* WORK INSTRUCTION *
Would you restate the entries below exactly, keeping every line?

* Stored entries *
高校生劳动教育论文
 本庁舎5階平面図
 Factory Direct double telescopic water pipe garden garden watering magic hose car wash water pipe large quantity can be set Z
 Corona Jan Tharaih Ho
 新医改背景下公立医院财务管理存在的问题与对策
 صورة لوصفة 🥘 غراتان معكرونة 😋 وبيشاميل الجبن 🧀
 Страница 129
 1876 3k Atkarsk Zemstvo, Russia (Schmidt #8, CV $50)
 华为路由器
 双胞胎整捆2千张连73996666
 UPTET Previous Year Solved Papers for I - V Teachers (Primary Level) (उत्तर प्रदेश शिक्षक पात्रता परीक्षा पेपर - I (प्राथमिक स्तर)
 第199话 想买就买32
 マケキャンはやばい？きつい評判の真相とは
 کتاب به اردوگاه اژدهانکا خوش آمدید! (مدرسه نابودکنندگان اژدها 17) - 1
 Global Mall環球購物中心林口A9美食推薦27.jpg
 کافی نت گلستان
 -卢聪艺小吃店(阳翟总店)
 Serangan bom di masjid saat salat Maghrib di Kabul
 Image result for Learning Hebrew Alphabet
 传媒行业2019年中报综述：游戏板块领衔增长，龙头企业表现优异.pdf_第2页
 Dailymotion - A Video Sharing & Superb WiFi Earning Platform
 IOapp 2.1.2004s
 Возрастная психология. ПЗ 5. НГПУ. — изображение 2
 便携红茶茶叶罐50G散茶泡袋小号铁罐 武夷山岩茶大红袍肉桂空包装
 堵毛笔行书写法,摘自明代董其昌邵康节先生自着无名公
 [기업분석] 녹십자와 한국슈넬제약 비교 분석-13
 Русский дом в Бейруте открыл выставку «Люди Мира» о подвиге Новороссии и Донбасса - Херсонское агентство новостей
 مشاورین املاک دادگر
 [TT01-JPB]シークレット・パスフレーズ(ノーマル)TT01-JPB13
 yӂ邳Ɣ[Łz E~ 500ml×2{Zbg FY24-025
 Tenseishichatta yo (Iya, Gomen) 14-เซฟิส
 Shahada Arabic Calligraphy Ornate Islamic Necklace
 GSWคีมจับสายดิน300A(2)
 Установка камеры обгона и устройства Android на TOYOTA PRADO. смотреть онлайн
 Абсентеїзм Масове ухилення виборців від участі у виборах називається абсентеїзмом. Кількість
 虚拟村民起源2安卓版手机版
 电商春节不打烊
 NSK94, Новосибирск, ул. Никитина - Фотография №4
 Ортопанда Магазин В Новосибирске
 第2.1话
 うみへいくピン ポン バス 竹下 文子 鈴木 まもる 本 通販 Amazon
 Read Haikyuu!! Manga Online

* ANSWER BOX *
高校生劳动教育论文
 本庁舎5階平面図
 Factory Direct double telescopic water pipe garden garden watering magic hose car wash water pipe large quantity can be set Z
 Corona Jan Tharaih Ho
 新医改背景下公立医院财务管理存在的问题与对策
 صورة لوصفة 🥘 غراتان معكرونة 😋 وبيشاميل الجبن 🧀
 Страница 129
 1876 3k Atkarsk Zemstvo, Russia (Schmidt #8, CV $50)
 华为路由器
 双胞胎整捆2千张连73996666
 UPTET Previous Year Solved Papers for I - V Teachers (Primary Level) (उत्तर प्रदेश शिक्षक पात्रता परीक्षा पेपर - I (प्राथमिक स्तर)
 第199话 想买就买32
 マケキャンはやばい？きつい評判の真相とは
 کتاب به اردوگاه اژدهانکا خوش آمدید! (مدرسه نابودکنندگان اژدها 17) - 1
 Global Mall環球購物中心林口A9美食推薦27.jpg
 کافی نت گلستان
 -卢聪艺小吃店(阳翟总店)
 Serangan bom di masjid saat salat Maghrib di Kabul
 Image result for Learning Hebrew Alphabet
 传媒行业2019年中报综述：游戏板块领衔增长，龙头企业表现优异.pdf_第2页
 Dailymotion - A Video Sharing & Superb WiFi Earning Platform
 IOapp 2.1.2004s
 Возрастная психология. ПЗ 5. НГПУ. — изображение 2
 便携红茶茶叶罐50G散茶泡袋小号铁罐 武夷山岩茶大红袍肉桂空包装
 堵毛笔行书写法,摘自明代董其昌邵康节先生自着无名公
 [기업분석] 녹십자와 한국슈넬제약 비교 분석-13
 Русский дом в Бейруте открыл выставку «Люди Мира» о подвиге Новороссии и Донбасса - Херсонское агентство новостей
 مشاورین املاک دادگر
 [TT01-JPB]シークレット・パスフレーズ(ノーマル)TT01-JPB13
 yӂ邳Ɣ[Łz E~ 500ml×2{Zbg FY24-025
 Tenseishichatta yo (Iya, Gomen) 14-เซฟิส
 Shahada Arabic Calligraphy Ornate Islamic Necklace
 GSWคีมจับสายดิน300A(2)
 Установка камеры обгона и устройства Android на TOYOTA PRADO. смотреть онлайн
 Абсентеїзм Масове ухилення виборців від участі у виборах називається абсентеїзмом. Кількість
 虚拟村民起源2安卓版手机版
 电商春节不打烊
 NSK94, Новосибирск, ул. Никитина - Фотография №4
 Ортопанда Магазин В Новосибирске
 第2.1话
 うみへいくピン ポン バス 竹下 文子 鈴木 まもる 本 通販 Amazon
 Read Haikyuu!! Manga Online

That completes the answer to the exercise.